START Excerpted records

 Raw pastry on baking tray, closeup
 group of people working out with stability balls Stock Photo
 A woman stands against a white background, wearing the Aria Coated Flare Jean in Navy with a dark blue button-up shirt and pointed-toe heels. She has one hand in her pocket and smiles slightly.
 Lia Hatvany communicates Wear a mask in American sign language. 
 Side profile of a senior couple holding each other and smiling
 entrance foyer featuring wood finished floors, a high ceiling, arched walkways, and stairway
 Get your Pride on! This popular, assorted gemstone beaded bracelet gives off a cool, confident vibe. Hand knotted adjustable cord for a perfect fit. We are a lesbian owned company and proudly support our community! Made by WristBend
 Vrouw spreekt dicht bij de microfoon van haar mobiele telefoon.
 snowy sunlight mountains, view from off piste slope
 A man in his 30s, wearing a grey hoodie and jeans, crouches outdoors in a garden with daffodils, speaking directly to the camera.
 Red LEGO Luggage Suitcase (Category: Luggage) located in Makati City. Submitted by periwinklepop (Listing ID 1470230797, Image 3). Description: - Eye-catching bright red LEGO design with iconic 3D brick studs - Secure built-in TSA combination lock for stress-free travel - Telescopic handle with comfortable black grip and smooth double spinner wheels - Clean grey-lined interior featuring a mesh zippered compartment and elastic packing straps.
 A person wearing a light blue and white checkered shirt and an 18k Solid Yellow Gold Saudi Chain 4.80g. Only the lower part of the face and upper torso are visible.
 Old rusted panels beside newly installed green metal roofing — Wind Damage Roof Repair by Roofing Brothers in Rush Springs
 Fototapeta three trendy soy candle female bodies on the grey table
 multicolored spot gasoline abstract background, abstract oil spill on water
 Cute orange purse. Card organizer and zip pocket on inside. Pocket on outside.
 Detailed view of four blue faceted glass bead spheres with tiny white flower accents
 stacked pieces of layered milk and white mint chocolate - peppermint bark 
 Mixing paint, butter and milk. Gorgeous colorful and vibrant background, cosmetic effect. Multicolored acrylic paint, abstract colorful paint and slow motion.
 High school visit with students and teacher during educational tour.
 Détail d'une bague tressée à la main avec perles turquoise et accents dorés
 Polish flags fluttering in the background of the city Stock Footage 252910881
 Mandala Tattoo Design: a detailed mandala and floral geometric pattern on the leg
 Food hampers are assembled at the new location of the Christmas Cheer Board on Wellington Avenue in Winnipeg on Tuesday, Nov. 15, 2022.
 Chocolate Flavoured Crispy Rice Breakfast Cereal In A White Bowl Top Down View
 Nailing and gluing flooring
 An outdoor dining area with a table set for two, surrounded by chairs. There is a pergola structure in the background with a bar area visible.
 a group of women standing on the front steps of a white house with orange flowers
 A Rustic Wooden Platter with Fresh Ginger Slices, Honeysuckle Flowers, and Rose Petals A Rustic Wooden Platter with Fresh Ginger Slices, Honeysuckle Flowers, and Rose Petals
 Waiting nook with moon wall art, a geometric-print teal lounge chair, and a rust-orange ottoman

END Excerpted records

#### Task prompt:
Go through the records above and return every line that holds the string "pocket".

#### Exercise answer:
 A woman stands against a white background, wearing the Aria Coated Flare Jean in Navy with a dark blue button-up shirt and pointed-toe heels. She has one hand in her pocket and smiles slightly.
 Cute orange purse. Card organizer and zip pocket on inside. Pocket on outside.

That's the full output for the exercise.